Source records
<<<<

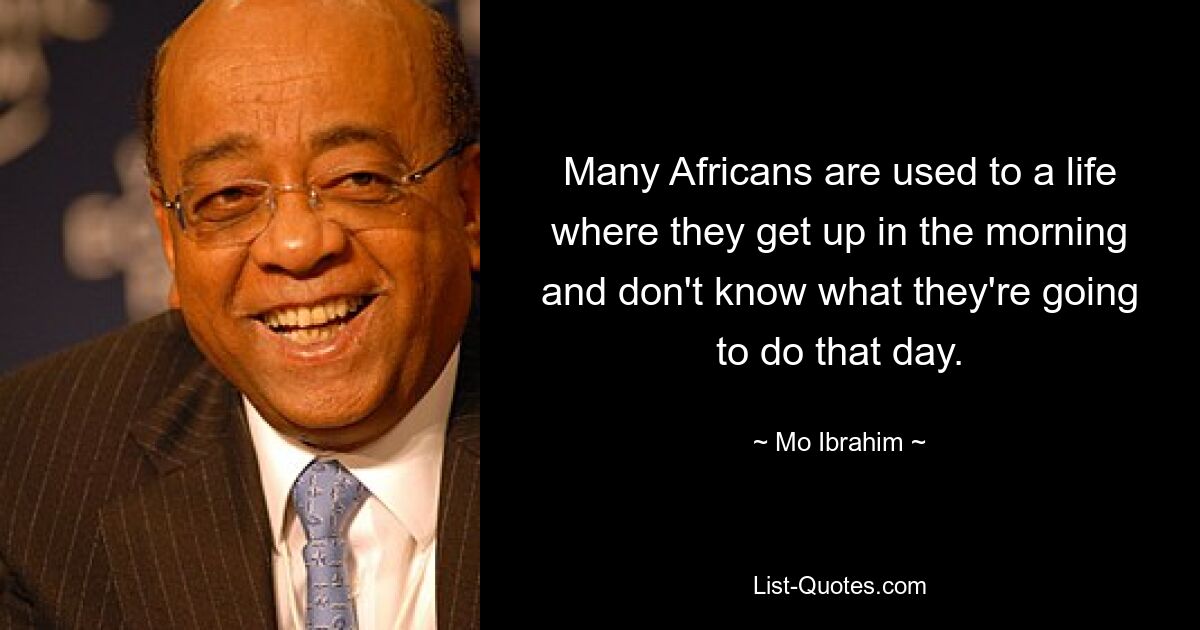 Many Africans are used to a life where they get up in the morning and don't know what they're going to do that day. — © Mo Ibrahim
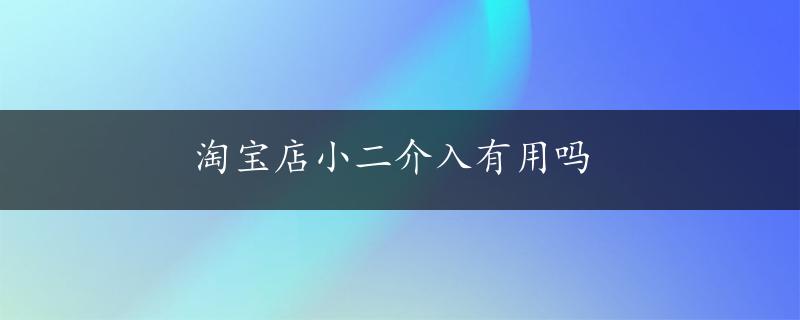 淘宝店小二介入有用吗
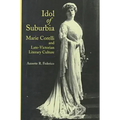 Idol of Suburbia: Marie Corelli and Late-Victorian Literary Culture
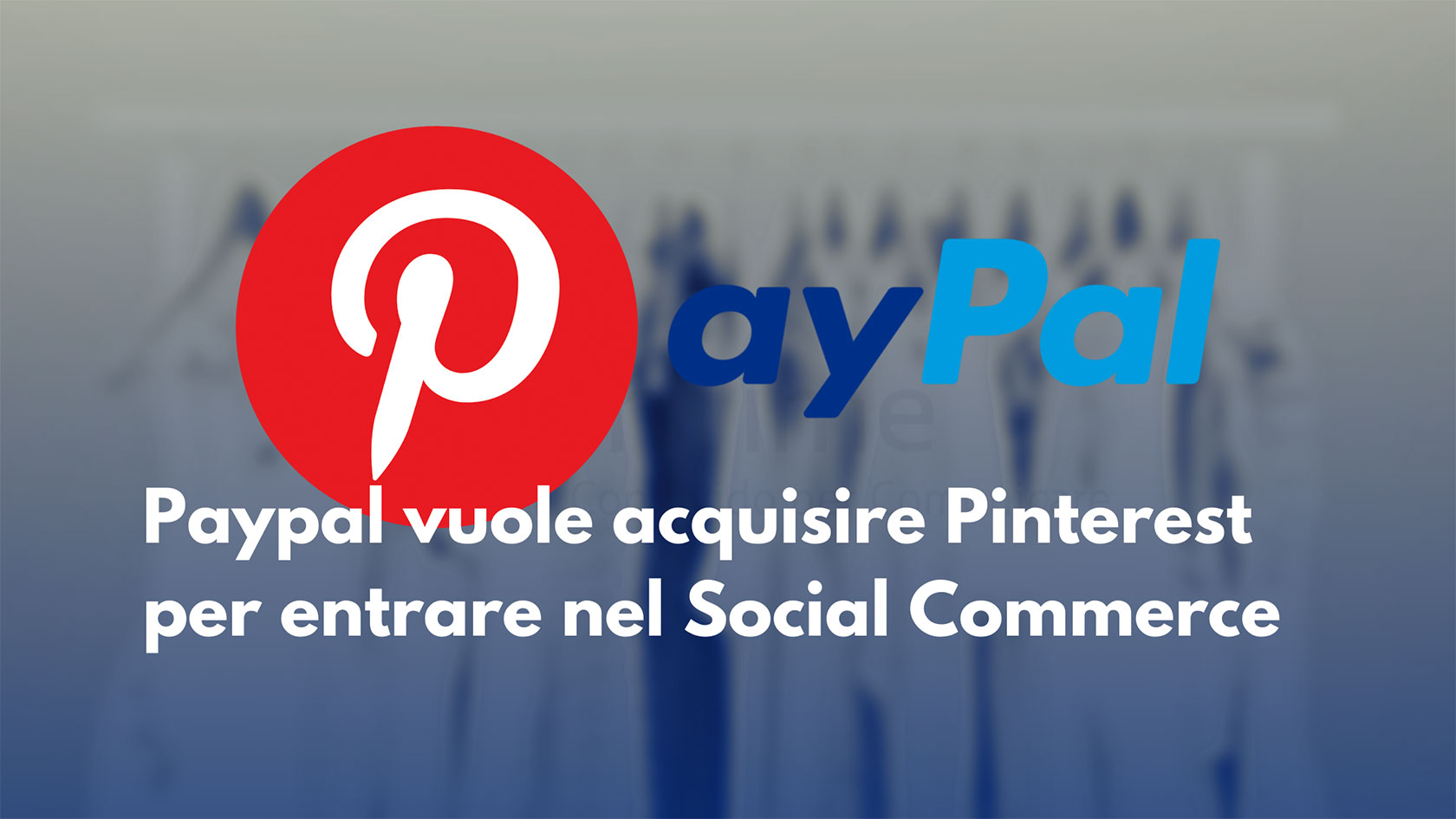 paypal acquisire pinterest social commerce franzrusso intime blog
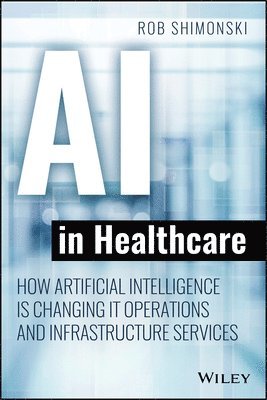 Robert Shimonski - AI in Healthcare, Häftad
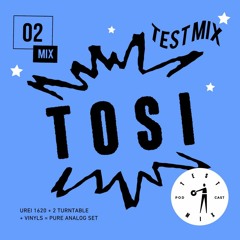 TEST MIX 02:Tosi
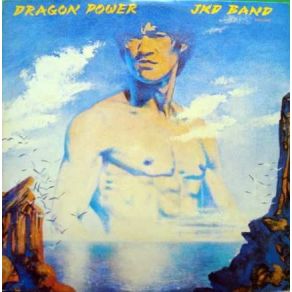 Download track Dragon Power (A Special Tribute To Bruce Lee) JKD Band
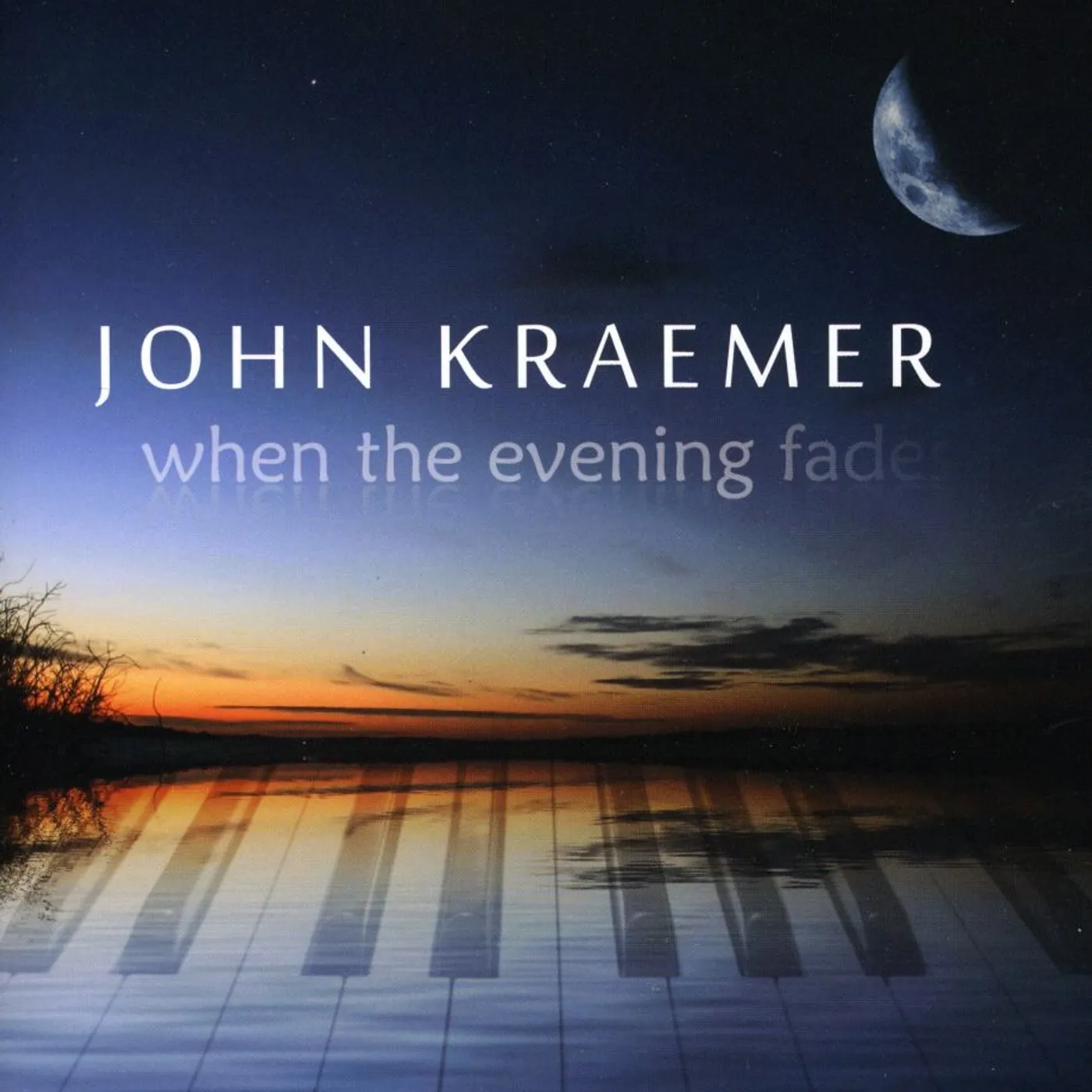 John Kraemer WHEN THE EVENING FADES CD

>>>>

* [Problem description]
The range to print runs from the line with "Robert Shimonski - AI in Healthcare, Häftad" through the last line of the entries, both included; keep it exact and skip the pictures.

* [Answer for this exercise]
 Robert Shimonski - AI in Healthcare, Häftad
 TEST MIX 02:Tosi
 Download track Dragon Power (A Special Tribute To Bruce Lee) JKD Band
 John Kraemer WHEN THE EVENING FADES CD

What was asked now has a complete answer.